How to Write Better Prompts for GPT o1 and other models

Using Ben Hylak’s Templated Approach for ChatGPT’s Reasoning Models
How to Write Better Prompts for GPT o1 and other models

📐 Prompting Isn’t Magic. It’s Modular.

The biggest mistake is to write prompts like conversations.
GPT models don’t think like humans—they parse structure, not sentiment.

That’s why structured prompts consistently outperform casual ones.

Here’s the format:

⚙️ The 4-Part Prompt Formula

  1. 🎯 Goal – What exactly do you want the model to do?
  2. 📦 Return Format – What should the response look like?
  3. 🚧 Warnings & Constraints – What to avoid, double-check, or clarify?
  4. 🧠 Context Dump – Everything that makes your request unique or personal.

🔍 The 4-Part Prompt Structure (Explained)

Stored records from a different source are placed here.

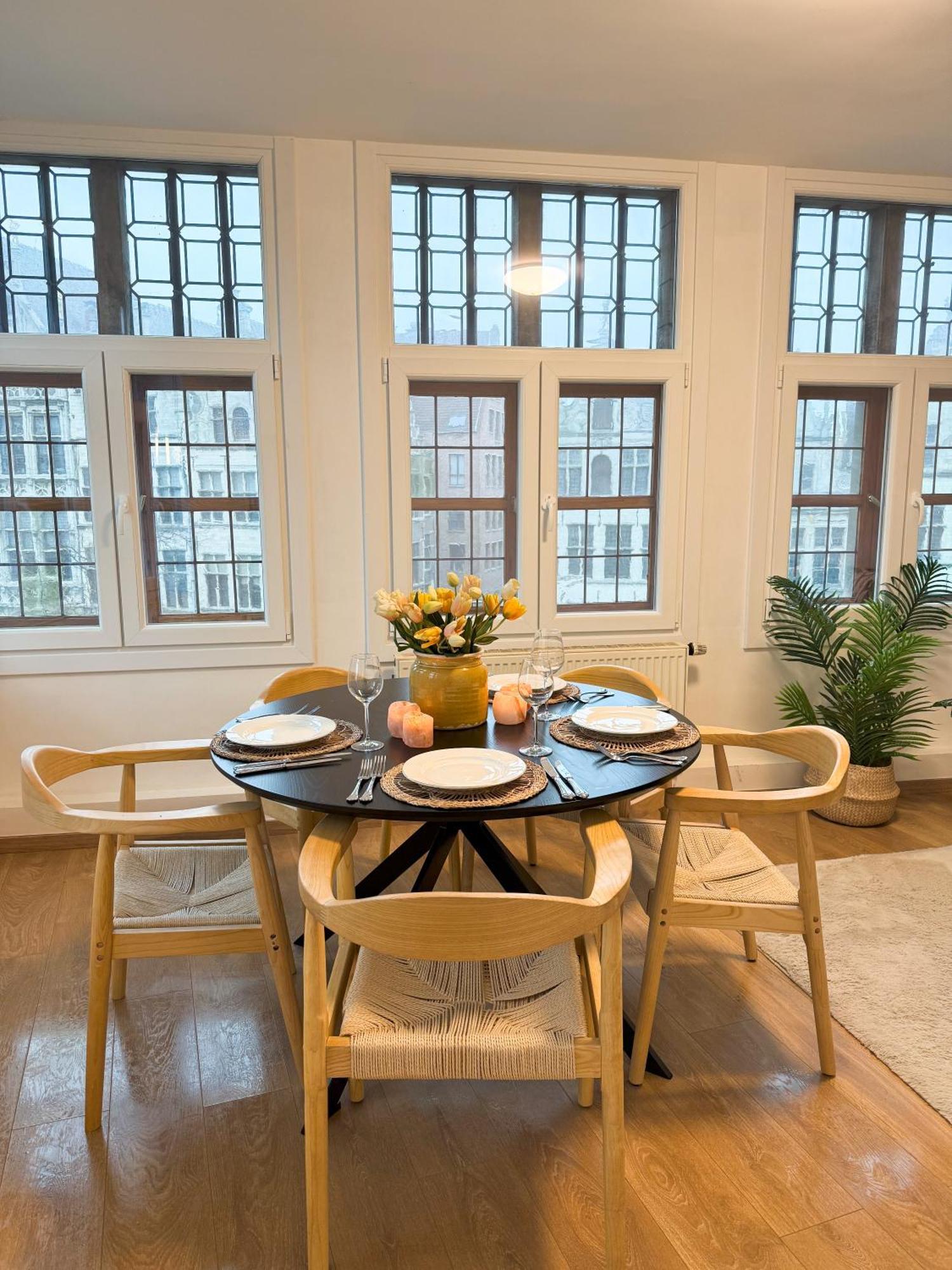 Le Faubourg Suites Anvers Extérieur photo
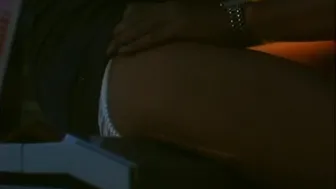 +葉玉卿 Busty Slut Fuck In Office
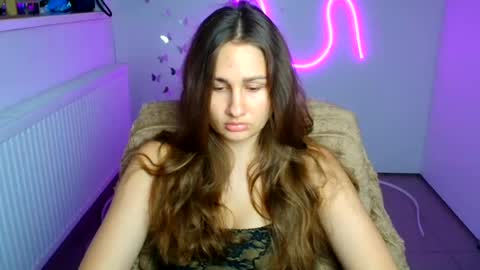 Snapshot of lora_kisses chatting on July 7, 5:32 am Lora online show from July 7, 5:32 am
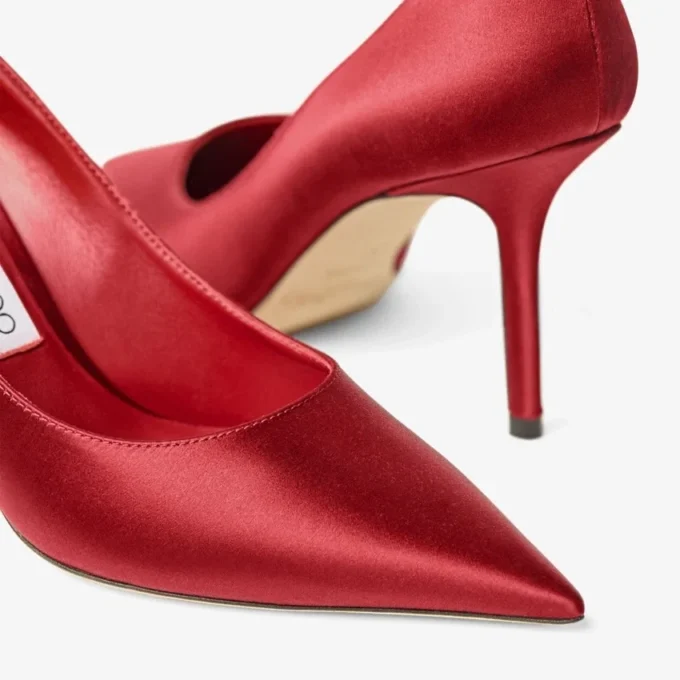 Love 85 Ruby Red satijnen pumps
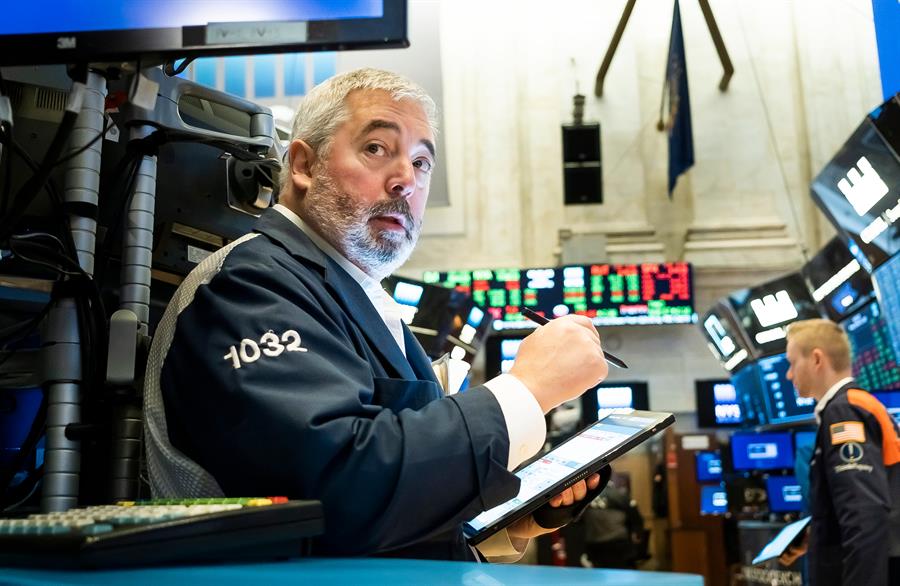 Wall Street abre en positivo y el Dow Jones sube 0,86 %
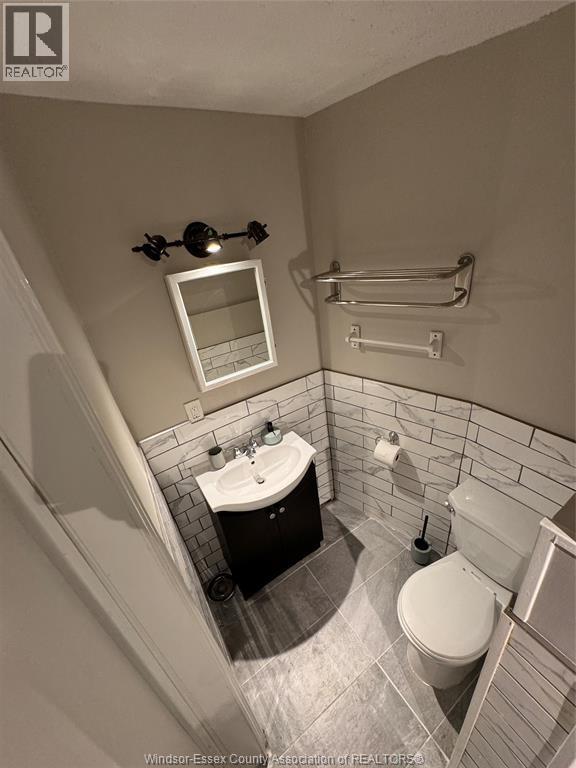 Building Photo - 600 Park St W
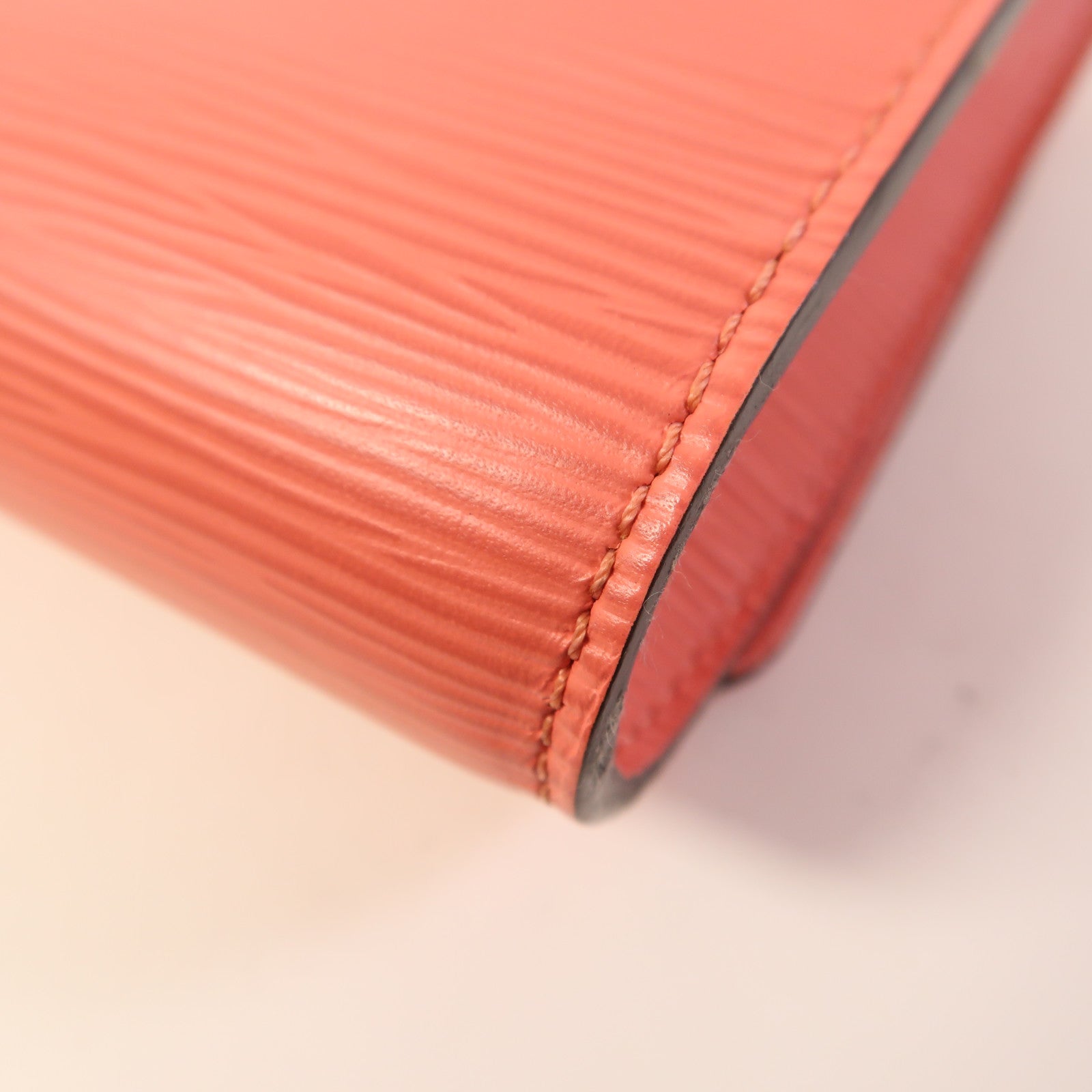 LOUIS VUITTON Epi Pochette Louise PM肩背袋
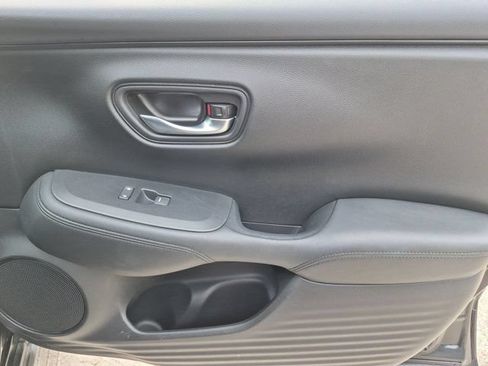 Used 2025 Honda HR-V LX image 32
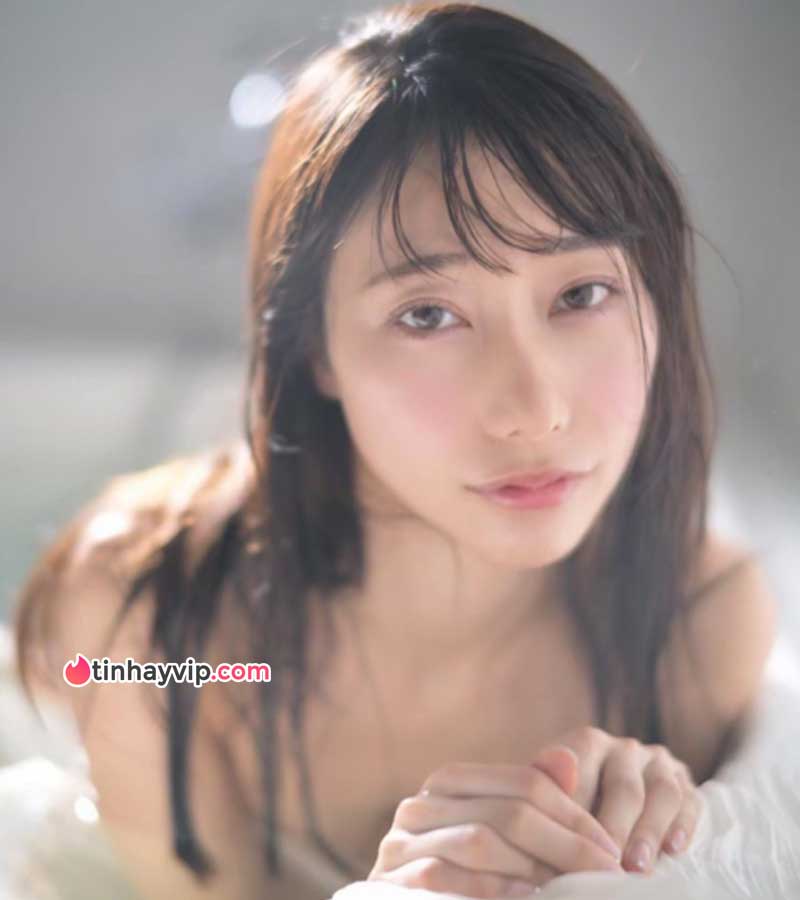 Idol JAV Shino Mayu khoe body bóng bẩy nuột nà khó cưỡng Sau khi được cộng tác cùng hãng phim nóng E-BODY, Shino Mayu khiến fan đỏ mặt khi khoe body nuột đến từng đường nét.Mayu Shino show hàng khét lẹt Shino Mayu đã có một màn hợp tác ấn tượng cùng hãng phim người lớn Nhật Bản E-BODY. Đôi bên đã cùng nhau ra mắt code phim JAV EBWH - 276. Code sẽ được lên sóng chính thức vào ngày 7/11/2025. Khác với phong cách làm phim s e x của S1, E-BODY luôn biết cách dựng nên những góc quay khoe đường nét cơ thể. Từng cảnh quay của E-BODY đều tôn trọn sự hấp dẫn hình thể của Shino Mayu khiến người xem không thể rời mắt. Thậm chí cách họ quay cận cũng rất mượt, không hề gượng ép đồng thời vẫn giữ được góc quay đẹp và tự nhiên. Sự xuất hiện của nữ diễn viên JAV Mayu trong code EBWH - 276 được xem là thăng hạng cực phẩm từ hình thể đến nhan sắc. Mặc dù vậy cũng giống S1 thì E-BODY không đầu tư quá vào kịch bản. Diễn biến nội dung phim của Shino Mayu lần này không có chiều sâu hay thay đổi tâm lý nhân vật. Họ chỉ tập trung vào sự gợi cảm, nóng bỏng hình thể. Tại sao S1 trao Shino Mayu cho E-BODY Nói đến việc lột xác hoàn toàn thì hãng phim 18+ S1 đang dẫn đầu. Từ đầu năm 2025, họ đã tiến hành một cuộc thanh lọc triệt để. Các Idol JAV không đạt yêu cầu đều bị loại kể cả hot TikToker 5 triệu fan như Unpai cũng phải rời đi. Sau đó họ thanh lọc kịch bản, nội dung phim khiêu dâm mới đều vô cùng bạo, kịch tính và mới mẻ. Ngay cả các diễn viên AV kỳ cựu cũng phải thốt lên "kịch bản càng ngày càng biến thái" khiến họ e ngại. Và mới đây S1 tiếp tục cho các diễn viên khiêu dâm độc quyền của mình trao đổi cùng các hãng phim khác để thúc đẩy doanh thu và tạo nên hình ảnh mới mẻ. Tiêu biểu nhất chính là trường hợp của Shino Mayu. Thậm chí đây còn là trường hợp colab thành công nhất cuối năm nay. Đừng quên theo dõi kênh Tin Hay VIP thường xuyên để cập nhật thêm nhiều tin tức hay và thú vị cũng như nhiều bộ ảnh gái xinh JAV cực phẩm khác nhé.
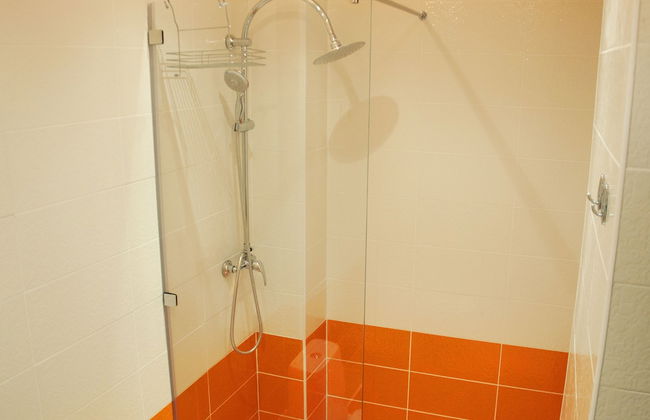 Two Bags Hotel - Photo 52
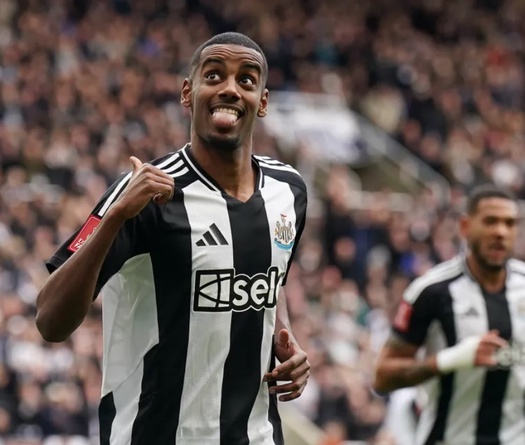 Liverpool chiêu mộ Alexander Isak với mức phí kỷ lục Ngoại hạng Anh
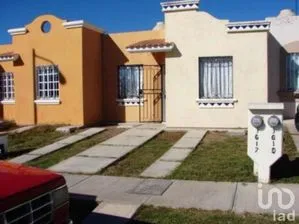 NEX-245428 - Casa en Renta, con 2 recamaras, con 1 baño, con 90 m2 de construcción en Real del Valle, CP 82124, Sinaloa.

Ben Hylak’s template for GPT o1 works because it aligns with how these models are designed to respond best: when they’re given clear instructions, a defined output format, any relevant constraints, and rich context. This structured approach helps the model minimize hallucinations, interpret your intent more accurately, and produce more useful responses. You’re not just prompting — you’re briefing a system optimized for reasoning under instruction.

Here’s how each part works:

🟩 1. GoalWhat are you trying to accomplish?

This is the first sentence or paragraph of your prompt.

It should tell the model what the end result should look like, as if you were delegating a task to a smart intern.

✅ Example:

I want to draft a professional summary of our team’s monthly performance report to send to the department head.

This sets the scope, tone, and intent. Be specific but not overstuffed. Think: What should GPT do — not how yet.


🔵 2. Return FormatHow should the response be structured?

This section tells GPT how you want the answer delivered. Bullets? Table? Email-style summary? Formal report?

The clearer the output format, the less GPT has to guess.

✅ Example:

Return the summary as a professional email. Include key highlights: completed projects, KPIs, blockers, and any pending actions. Keep the tone formal but approachable.

If you skip this step, you risk getting long rambly text or inconsistent answers.


🔴 3. Warnings or ConstraintsWhat to avoid? What to verify?

This is where you highlight risks or add non-negotiables. GPT often hallucinates — so give it instructions to double-check, avoid assumptions, or flag uncertainty.

✅ Example:

Only include projects that were marked as completed in the report. Avoid overly technical jargon or internal acronyms. Double-check that any numbers or percentages match the data I provided.

Warnings help GPT prioritize truthfulness and quality over creativity when that matters.


⚪ 4. Context DumpWhy does this matter? What background can help?

This is the “everything else” zone: your motivations, edge cases, personal preferences, emotional drivers, etc.

This section is optional but hugely powerful. It’s what makes GPT feel like it “gets you.”

✅ Example:

This email is part of a monthly update we send to upper management. The goal is to highlight progress and raise visibility on blockers without sounding like we’re making excuses. The department head likes concise emails (ideally under 250 words). We’ve been working remotely and asynchronously, so clarity is important.

The context helps GPT choose better answers for you — not just generically “good” ones.


🧠 Why This Structure Works So Well

GPT isn’t just predicting words — it’s reasoning through your instructions. This format helps the model:

  • Understand your intent clearly.
  • Structure output to reduce back-and-forth.
  • Avoid classic mistakes (hallucinations, irrelevant answers).
  • Personalize results to your needs.